Tick tock tick tock…ding ding! Time’s up!
Back before fancy mechanized weaving, cloth was made in one long rectangular piece of fabric known as a bolt. Most fabric is still made that way, because that’s how looms work. So when you need something with a shape, like a shirt, you have to cut and sew it together, leaving seams. Or you go all Greek toga with it or something, but that’s risqué.
Now, as knitters, we know that you can make fabric of sorts by knitting in the round, and it has no seams. But what do we use to knit? Needles.
That leaves one option: felting, specifically, wet felting. Commercial felt is made using enormous plates of barbed needles. Fiber is crisscrossed in perpendicular layers, and then pressed between the barbed needles. They tangle it up, creating fabric. Of course, these dry felting techniques use needles.
In wet felting, you crisscross layers of fiber, but instead of using needles to tangle it up into fabric, you use water and a detergent.

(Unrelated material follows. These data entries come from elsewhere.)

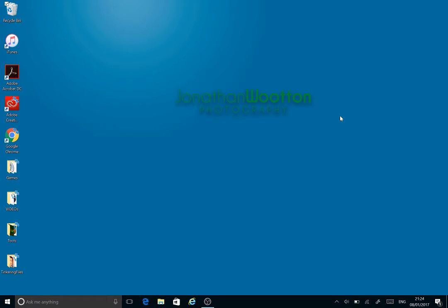Hi everyone, Jonathan Wotton here, introducing some photography and processing videos that I'm going to start doing.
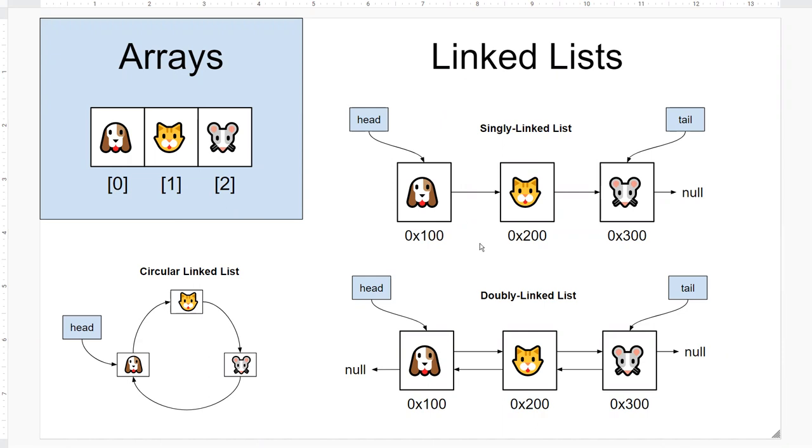Therefore it's not possible to reference any particular node except the one in the head if you have a pointer like you see here, or the tail through the tail pointer.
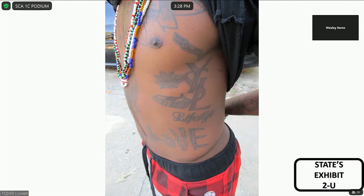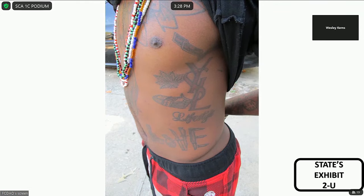Who is depicted in State's Exhibit 2 uniform? Me. And what part of your body is depicted in State's Exhibit 2? Is that the left side of your abdomen? The left side of my abdomen. And are there letters written on the left side of your abdomen? Yes. Are they still there? Yes.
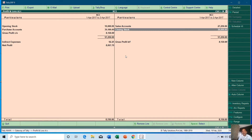That is how you can manage opening and closing stock values while integrating accounts with inventory. I hope you liked this tutorial — let me know by liking, sharing, and commenting on this video. Do subscribe to our channel for more upcoming tutorial videos. Thanks for watching!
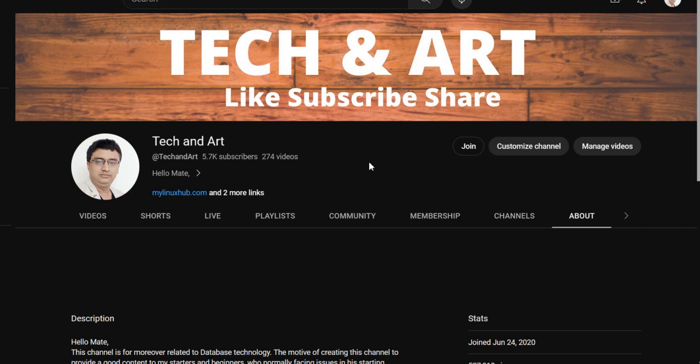Please visit the channel playlist SQL Server DBA. More than 270 videos I have uploaded which are directly related to day-to-day activities. If you are getting help, please comment, like it, share it, and don't forget to subscribe the channel.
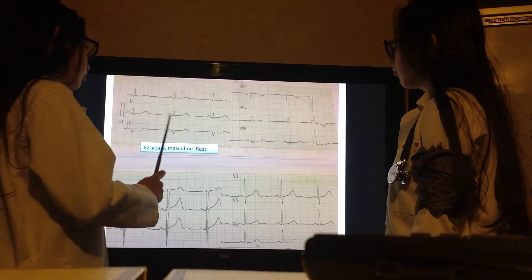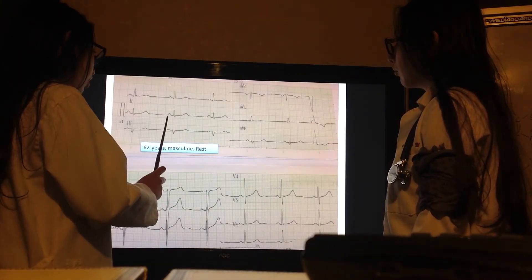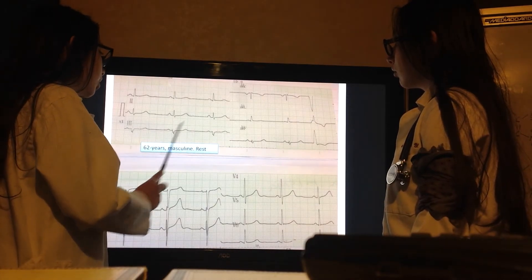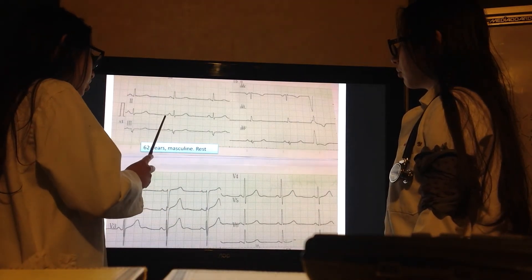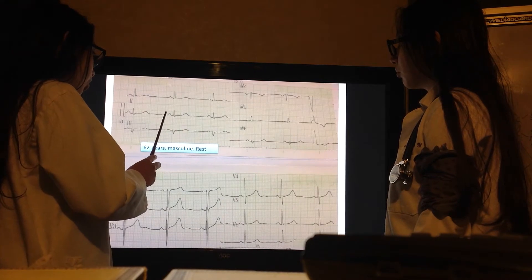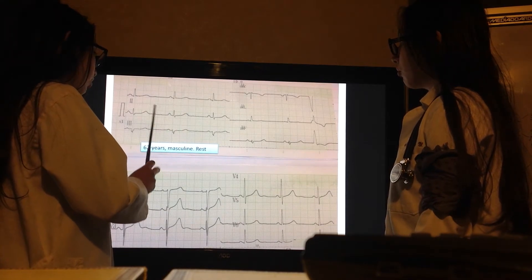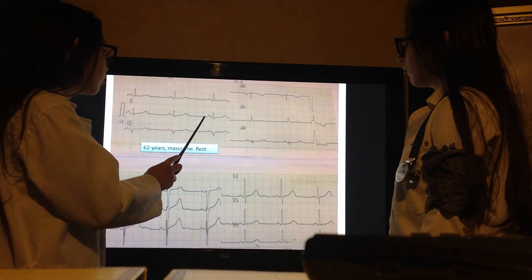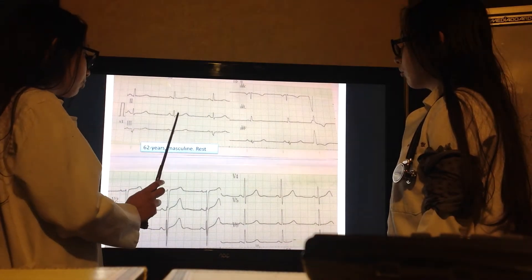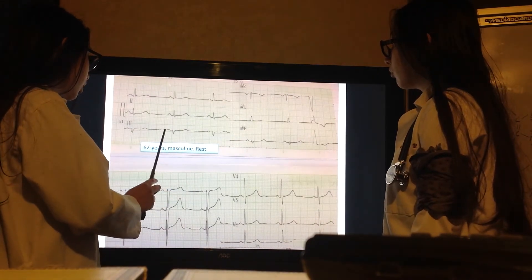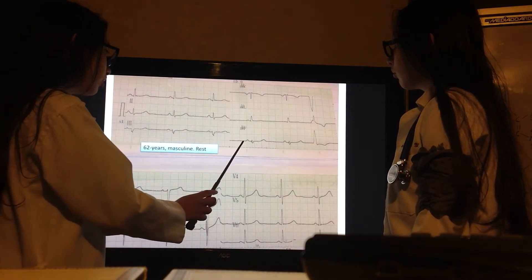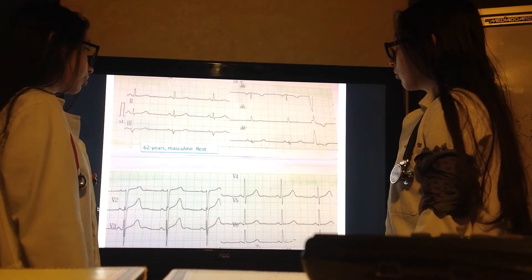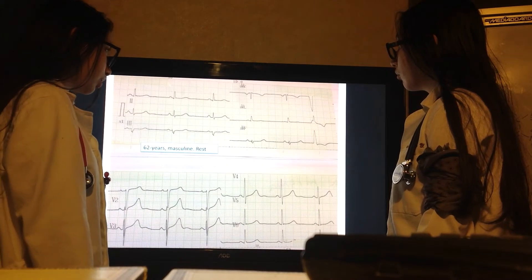Right atrial hypertrophy is assessed by the P wave in D2, D3, and AVF, which has to be smaller than 0.25 millivolts. Here it is like 0.15 to 0.2, here like 0.1, and here also like 0.1. So there is no right atrial hypertrophy.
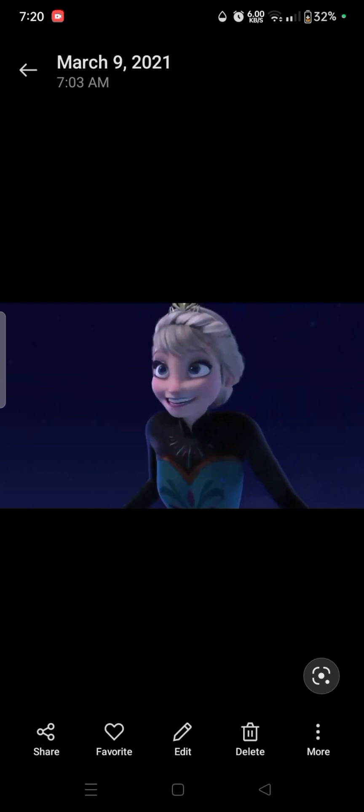So yeah, that is how you change the date of any picture or video. If this was helpful, please do let me know. And if you have any more suggestions, also let me know. So yeah, that's pretty much it.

It’s kind of magical, but the tiny are bubbles created by the detergent and the scales on the hairs themselves are enough to make fabric. Yesterday’s felt clutch had no seams nor needlework.
So, to return to the song, if some guy was singing to me about how impossible it was we’d ever be together, I’d make him the coarsest, least comfortable felt shirt ever. Then, while he was up on his high horse, he’d have a reason to feel martyred, like the monks who used to wear hairshirts.